**Exercise directions**
Give back the entire listing exactly as it was provided.

**Information given**
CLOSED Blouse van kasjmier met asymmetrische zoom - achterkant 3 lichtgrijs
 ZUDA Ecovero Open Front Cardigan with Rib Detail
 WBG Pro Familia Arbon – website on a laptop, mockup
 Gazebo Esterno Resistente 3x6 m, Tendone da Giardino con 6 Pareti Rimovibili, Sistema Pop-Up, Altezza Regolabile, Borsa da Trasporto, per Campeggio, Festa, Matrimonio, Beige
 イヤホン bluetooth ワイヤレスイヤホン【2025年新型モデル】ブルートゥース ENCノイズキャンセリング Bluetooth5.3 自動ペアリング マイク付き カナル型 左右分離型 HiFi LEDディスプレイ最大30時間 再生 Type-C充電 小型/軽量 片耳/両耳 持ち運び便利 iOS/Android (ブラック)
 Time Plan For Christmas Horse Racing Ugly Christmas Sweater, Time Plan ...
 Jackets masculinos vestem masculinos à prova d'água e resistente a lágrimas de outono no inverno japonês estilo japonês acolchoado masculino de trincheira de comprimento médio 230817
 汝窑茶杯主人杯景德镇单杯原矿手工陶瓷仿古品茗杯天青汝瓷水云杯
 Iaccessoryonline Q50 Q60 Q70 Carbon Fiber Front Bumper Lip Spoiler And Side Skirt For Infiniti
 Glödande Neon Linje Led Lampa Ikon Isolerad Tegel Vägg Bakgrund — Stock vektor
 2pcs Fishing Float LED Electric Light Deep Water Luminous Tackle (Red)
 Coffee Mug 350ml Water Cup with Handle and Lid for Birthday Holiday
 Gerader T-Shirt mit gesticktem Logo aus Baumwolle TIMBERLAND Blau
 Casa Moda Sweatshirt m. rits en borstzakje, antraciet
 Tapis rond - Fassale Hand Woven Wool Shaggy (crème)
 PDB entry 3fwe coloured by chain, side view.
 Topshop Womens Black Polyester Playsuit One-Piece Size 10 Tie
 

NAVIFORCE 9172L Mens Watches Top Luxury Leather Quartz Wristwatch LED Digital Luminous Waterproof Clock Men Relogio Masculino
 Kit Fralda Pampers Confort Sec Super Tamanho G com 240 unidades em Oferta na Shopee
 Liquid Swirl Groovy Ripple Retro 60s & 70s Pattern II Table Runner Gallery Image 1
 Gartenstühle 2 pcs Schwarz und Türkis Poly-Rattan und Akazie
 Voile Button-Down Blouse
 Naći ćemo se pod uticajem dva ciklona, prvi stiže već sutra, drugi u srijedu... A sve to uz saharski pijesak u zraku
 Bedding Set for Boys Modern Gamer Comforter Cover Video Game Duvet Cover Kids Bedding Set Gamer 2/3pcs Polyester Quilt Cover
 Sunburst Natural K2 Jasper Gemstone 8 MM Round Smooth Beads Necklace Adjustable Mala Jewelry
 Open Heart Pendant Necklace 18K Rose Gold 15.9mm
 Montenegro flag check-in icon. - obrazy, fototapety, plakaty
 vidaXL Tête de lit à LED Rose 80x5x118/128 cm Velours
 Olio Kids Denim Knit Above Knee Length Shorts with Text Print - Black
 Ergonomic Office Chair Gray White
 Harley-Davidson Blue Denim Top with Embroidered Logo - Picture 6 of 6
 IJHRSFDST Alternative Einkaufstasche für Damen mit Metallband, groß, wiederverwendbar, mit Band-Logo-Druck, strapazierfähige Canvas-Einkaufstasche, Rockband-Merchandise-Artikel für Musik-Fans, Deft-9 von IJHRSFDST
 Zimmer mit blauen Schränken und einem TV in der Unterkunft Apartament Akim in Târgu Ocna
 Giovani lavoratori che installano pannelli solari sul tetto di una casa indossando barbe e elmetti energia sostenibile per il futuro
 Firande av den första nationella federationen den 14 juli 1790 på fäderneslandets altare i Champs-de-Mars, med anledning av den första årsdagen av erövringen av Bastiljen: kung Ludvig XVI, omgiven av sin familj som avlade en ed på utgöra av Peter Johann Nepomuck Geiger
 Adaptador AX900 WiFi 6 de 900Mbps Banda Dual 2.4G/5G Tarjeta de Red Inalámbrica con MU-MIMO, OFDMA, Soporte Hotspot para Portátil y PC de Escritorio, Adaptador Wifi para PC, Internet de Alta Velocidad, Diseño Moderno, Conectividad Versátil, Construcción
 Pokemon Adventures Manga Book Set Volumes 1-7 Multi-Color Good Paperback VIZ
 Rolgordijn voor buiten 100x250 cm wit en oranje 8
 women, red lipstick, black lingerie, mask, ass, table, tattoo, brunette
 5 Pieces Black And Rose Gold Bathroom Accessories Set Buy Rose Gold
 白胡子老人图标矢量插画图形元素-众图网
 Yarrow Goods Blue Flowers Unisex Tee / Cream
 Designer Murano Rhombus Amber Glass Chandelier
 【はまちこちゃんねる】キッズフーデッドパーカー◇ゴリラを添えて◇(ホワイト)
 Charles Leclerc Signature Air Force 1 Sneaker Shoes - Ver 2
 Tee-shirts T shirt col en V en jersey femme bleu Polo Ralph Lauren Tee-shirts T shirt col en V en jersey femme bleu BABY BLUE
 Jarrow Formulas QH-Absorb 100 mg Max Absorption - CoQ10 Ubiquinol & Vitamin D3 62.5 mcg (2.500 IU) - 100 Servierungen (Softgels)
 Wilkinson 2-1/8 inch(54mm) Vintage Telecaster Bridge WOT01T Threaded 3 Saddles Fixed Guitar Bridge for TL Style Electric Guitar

**Expected answer**
CLOSED Blouse van kasjmier met asymmetrische zoom - achterkant 3 lichtgrijs
 ZUDA Ecovero Open Front Cardigan with Rib Detail
 WBG Pro Familia Arbon – website on a laptop, mockup
 Gazebo Esterno Resistente 3x6 m, Tendone da Giardino con 6 Pareti Rimovibili, Sistema Pop-Up, Altezza Regolabile, Borsa da Trasporto, per Campeggio, Festa, Matrimonio, Beige
 イヤホン bluetooth ワイヤレスイヤホン【2025年新型モデル】ブルートゥース ENCノイズキャンセリング Bluetooth5.3 自動ペアリング マイク付き カナル型 左右分離型 HiFi LEDディスプレイ最大30時間 再生 Type-C充電 小型/軽量 片耳/両耳 持ち運び便利 iOS/Android (ブラック)
 Time Plan For Christmas Horse Racing Ugly Christmas Sweater, Time Plan ...
 Jackets masculinos vestem masculinos à prova d'água e resistente a lágrimas de outono no inverno japonês estilo japonês acolchoado masculino de trincheira de comprimento médio 230817
 汝窑茶杯主人杯景德镇单杯原矿手工陶瓷仿古品茗杯天青汝瓷水云杯
 Iaccessoryonline Q50 Q60 Q70 Carbon Fiber Front Bumper Lip Spoiler And Side Skirt For Infiniti
 Glödande Neon Linje Led Lampa Ikon Isolerad Tegel Vägg Bakgrund — Stock vektor
 2pcs Fishing Float LED Electric Light Deep Water Luminous Tackle (Red)
 Coffee Mug 350ml Water Cup with Handle and Lid for Birthday Holiday
 Gerader T-Shirt mit gesticktem Logo aus Baumwolle TIMBERLAND Blau
 Casa Moda Sweatshirt m. rits en borstzakje, antraciet
 Tapis rond - Fassale Hand Woven Wool Shaggy (crème)
 PDB entry 3fwe coloured by chain, side view.
 Topshop Womens Black Polyester Playsuit One-Piece Size 10 Tie
 

NAVIFORCE 9172L Mens Watches Top Luxury Leather Quartz Wristwatch LED Digital Luminous Waterproof Clock Men Relogio Masculino
 Kit Fralda Pampers Confort Sec Super Tamanho G com 240 unidades em Oferta na Shopee
 Liquid Swirl Groovy Ripple Retro 60s & 70s Pattern II Table Runner Gallery Image 1
 Gartenstühle 2 pcs Schwarz und Türkis Poly-Rattan und Akazie
 Voile Button-Down Blouse
 Naći ćemo se pod uticajem dva ciklona, prvi stiže već sutra, drugi u srijedu... A sve to uz saharski pijesak u zraku
 Bedding Set for Boys Modern Gamer Comforter Cover Video Game Duvet Cover Kids Bedding Set Gamer 2/3pcs Polyester Quilt Cover
 Sunburst Natural K2 Jasper Gemstone 8 MM Round Smooth Beads Necklace Adjustable Mala Jewelry
 Open Heart Pendant Necklace 18K Rose Gold 15.9mm
 Montenegro flag check-in icon. - obrazy, fototapety, plakaty
 vidaXL Tête de lit à LED Rose 80x5x118/128 cm Velours
 Olio Kids Denim Knit Above Knee Length Shorts with Text Print - Black
 Ergonomic Office Chair Gray White
 Harley-Davidson Blue Denim Top with Embroidered Logo - Picture 6 of 6
 IJHRSFDST Alternative Einkaufstasche für Damen mit Metallband, groß, wiederverwendbar, mit Band-Logo-Druck, strapazierfähige Canvas-Einkaufstasche, Rockband-Merchandise-Artikel für Musik-Fans, Deft-9 von IJHRSFDST
 Zimmer mit blauen Schränken und einem TV in der Unterkunft Apartament Akim in Târgu Ocna
 Giovani lavoratori che installano pannelli solari sul tetto di una casa indossando barbe e elmetti energia sostenibile per il futuro
 Firande av den första nationella federationen den 14 juli 1790 på fäderneslandets altare i Champs-de-Mars, med anledning av den första årsdagen av erövringen av Bastiljen: kung Ludvig XVI, omgiven av sin familj som avlade en ed på utgöra av Peter Johann Nepomuck Geiger
 Adaptador AX900 WiFi 6 de 900Mbps Banda Dual 2.4G/5G Tarjeta de Red Inalámbrica con MU-MIMO, OFDMA, Soporte Hotspot para Portátil y PC de Escritorio, Adaptador Wifi para PC, Internet de Alta Velocidad, Diseño Moderno, Conectividad Versátil, Construcción
 Pokemon Adventures Manga Book Set Volumes 1-7 Multi-Color Good Paperback VIZ
 Rolgordijn voor buiten 100x250 cm wit en oranje 8
 women, red lipstick, black lingerie, mask, ass, table, tattoo, brunette
 5 Pieces Black And Rose Gold Bathroom Accessories Set Buy Rose Gold
 白胡子老人图标矢量插画图形元素-众图网
 Yarrow Goods Blue Flowers Unisex Tee / Cream
 Designer Murano Rhombus Amber Glass Chandelier
 【はまちこちゃんねる】キッズフーデッドパーカー◇ゴリラを添えて◇(ホワイト)
 Charles Leclerc Signature Air Force 1 Sneaker Shoes - Ver 2
 Tee-shirts T shirt col en V en jersey femme bleu Polo Ralph Lauren Tee-shirts T shirt col en V en jersey femme bleu BABY BLUE
 Jarrow Formulas QH-Absorb 100 mg Max Absorption - CoQ10 Ubiquinol & Vitamin D3 62.5 mcg (2.500 IU) - 100 Servierungen (Softgels)
 Wilkinson 2-1/8 inch(54mm) Vintage Telecaster Bridge WOT01T Threaded 3 Saddles Fixed Guitar Bridge for TL Style Electric Guitar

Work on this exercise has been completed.